AMMAN, 1 April 2003 — There are over 40,000 Iraqi exiles already in Jordan, but since the start of the war it has become obvious that predictions of thousands more arriving as refugees were Iraqi gross miscalculations.

What in fact appears to be happening is the opposite. Huge numbers of the Iraqi exiles who initially left Iraq because of political reasons have decided to return to participate and fight side by side with their Iraqi brothers.

According to the Iraqi Embassy in Amman, 5,700 Iraqis have left Jordan to go and fight what they believe is an invasion and potential occupation of their home country.
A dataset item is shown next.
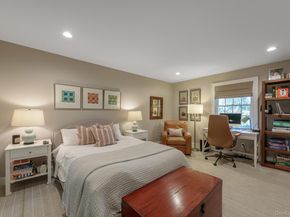 4 September Lane, Glen Cove NY 11542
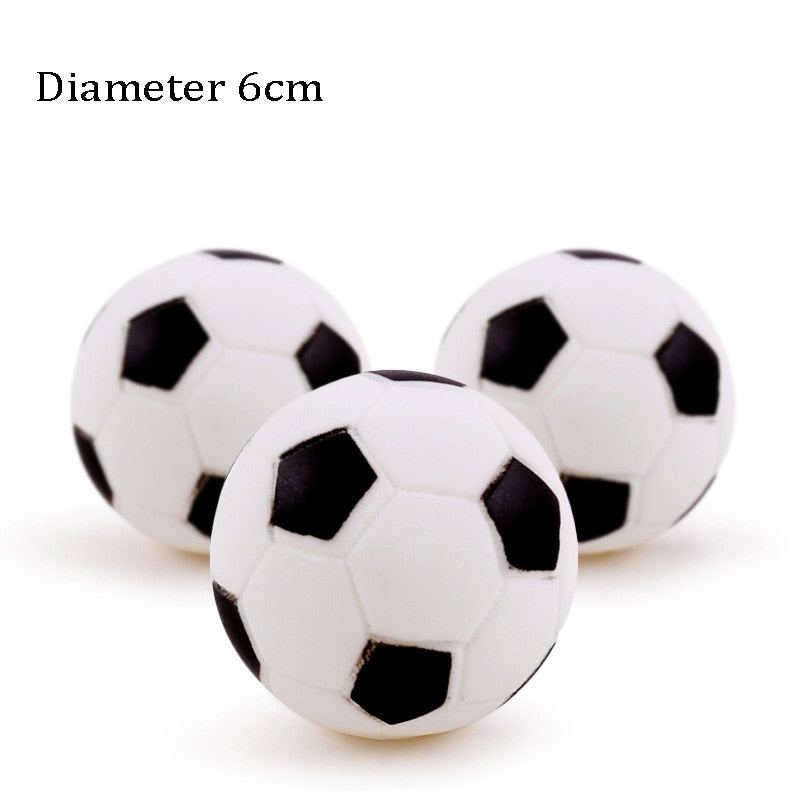 Squeaky Dog Ball made with Rubber a Fun Chew For Puppies too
“We have catered to these 5,700 Iraqis to get their documents in order,” said Jawad Al-Ali, the Iraqi Embassy’s press attache, in an interview with Arab News. “Some have lost their passports or their papers have simply expired,” Al-Ali added. “On the first day of the war, we processed the papers of 2,500 Iraqis, and they are still coming.”

Large groups are taking buses from midtown Amman for $17 per person in order to make their way back to Baghdad.
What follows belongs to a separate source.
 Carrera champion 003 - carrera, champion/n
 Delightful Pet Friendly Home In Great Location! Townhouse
But what of the past? “I’ve lived in Jordan for the last 10 years,” Azziz Alzumaan, 42, who owns a small kabab shop in downtown Amman, told Arab News. “I left for political reasons and to find a peaceful life, but those things are not important anymore.”

“I’m going home to be with my family and to fight the invading aggressors, and God willing we will win or die trying,” he added. Azziz left on the morning bus to Baghdad. A 12-hour ride to his past, present and future.


Also, the first free bus to Baghdad left here yesterday, courtesy of one of Saddam Hussein’s sons, with 50 Iraqi men on board.

“It was too expensive for me to leave before, but now the trip is free and I’m going back to fight for my country,” said Samir, a 35-year-old construction worker.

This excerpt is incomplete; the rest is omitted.